[p. 1] Ce 12 juillet 1859 1
Madame,
J’étais momentanément absent de Paris quand votre lettre y est parvenue2. Vous ne doutez pas, j’espère, de l’empressement avec lequel j’y eusse répondu aussitôt. Je vous réponds plein de joie de pouvoir vous être utile en quelque chose et plein de tristesse d’être forcé de refuser l’aimable invitation que vous voulez bien me faire d’aller vous trouver. Commençons par les choses désagréables. Je viens de passer deux jours seulement dans une pauvre cabane que j’ai achetée dernièrement 3, comptant y passer des beaux jours, et je ne pourrai probablement y retourner de cette année. Je suis obligé de compter les minutes. [p. 2] Je suis collé à un maudit travail interrompu pendant des années, il faut absolument le finir et je n’y peux travailler que pendant la belle saison4. Je dirige mon régiment de peintres et de décorateurs qui me font cent sottises pendant la moindre absence. Pardonnez-moi donc pour la première difficulté que je vous apporte, mais ce sera la seule. Je vais rassembler des matériaux de nature à vous satisfaire pour tout ce que vous désirez5. Je ne puis assez m’applaudir du bonheur que j’aurai à vous entendre chanter Orphée. Jugez que je passe ma vie dans une église où la musique est bien organisée : celle qu’on fait là, non pas celle de l’organiste, mais tout simplement celle des offices, m’a furieusement blasé sur toutes les musiques à l’ordre du jour. Gluck, au contraire, [p. 3] me rendra au théâtre ce sentiment profond auquel il faut en revenir. Et quel interprète !
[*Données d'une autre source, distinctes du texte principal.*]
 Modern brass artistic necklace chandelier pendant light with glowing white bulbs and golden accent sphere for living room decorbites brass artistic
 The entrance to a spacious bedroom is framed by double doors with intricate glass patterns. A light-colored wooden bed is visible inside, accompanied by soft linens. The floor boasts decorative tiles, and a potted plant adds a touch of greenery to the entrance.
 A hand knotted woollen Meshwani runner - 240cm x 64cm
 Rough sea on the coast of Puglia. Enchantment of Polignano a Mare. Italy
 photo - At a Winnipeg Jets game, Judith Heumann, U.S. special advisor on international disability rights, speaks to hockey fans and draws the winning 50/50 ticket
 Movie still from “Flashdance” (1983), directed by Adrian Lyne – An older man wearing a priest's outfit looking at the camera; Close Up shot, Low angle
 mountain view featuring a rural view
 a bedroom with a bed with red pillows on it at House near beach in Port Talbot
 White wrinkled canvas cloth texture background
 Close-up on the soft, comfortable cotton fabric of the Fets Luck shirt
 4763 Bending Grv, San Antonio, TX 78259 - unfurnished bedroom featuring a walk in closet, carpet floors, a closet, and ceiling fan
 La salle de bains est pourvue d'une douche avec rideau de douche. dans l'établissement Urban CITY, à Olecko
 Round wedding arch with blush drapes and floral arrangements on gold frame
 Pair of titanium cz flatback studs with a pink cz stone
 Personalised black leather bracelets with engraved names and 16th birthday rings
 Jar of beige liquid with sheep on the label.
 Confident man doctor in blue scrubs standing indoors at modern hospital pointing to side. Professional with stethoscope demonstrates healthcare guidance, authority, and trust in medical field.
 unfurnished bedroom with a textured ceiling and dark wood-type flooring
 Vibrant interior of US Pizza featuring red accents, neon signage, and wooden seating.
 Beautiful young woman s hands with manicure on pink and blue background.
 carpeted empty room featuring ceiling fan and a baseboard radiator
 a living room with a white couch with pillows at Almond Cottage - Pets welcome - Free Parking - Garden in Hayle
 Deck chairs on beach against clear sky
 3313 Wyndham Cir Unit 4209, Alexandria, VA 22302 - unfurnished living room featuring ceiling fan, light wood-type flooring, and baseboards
Si par hasard vous faisiez une apparition à Paris, faites-le-moi savoir. J’accourrais aussitôt pour me concerter avec vous. Il y a une partie essentielle de la mise en scène à laquelle vous n’avez peut-être pas pensé. C’est le costume et le caractère des diables. On a renoncé au type de l’ancien opéra et on a eu tort. On a voulu raffiner et l’on n’a abouti qu’à des types ridicules. Ils jouent un grand rôle dans Orphée ; j’ai encore dans la mémoire l’effet de tout cela quand j’étais enfant6.
Encore une fois, Madame, je suis à vos ordres et espère vous satisfaire. Seulement, il faut que vous me pardonniez de manquer, bien malgré moi, l’occasion de vous rencontrer à la campagne. Je ne puis me consoler de l’excellente musique que j’aurais [p. 4] entendue et de perdre tant de moments agréables que j’eusse trouvés près de vous et de M. Viardot.
Veuillez, Madame, lui exprimer tout mon regret et croire en particulier à mon bien sincère et respectueux dévouement, comme à l’admiration la plus vive de votre beau talent.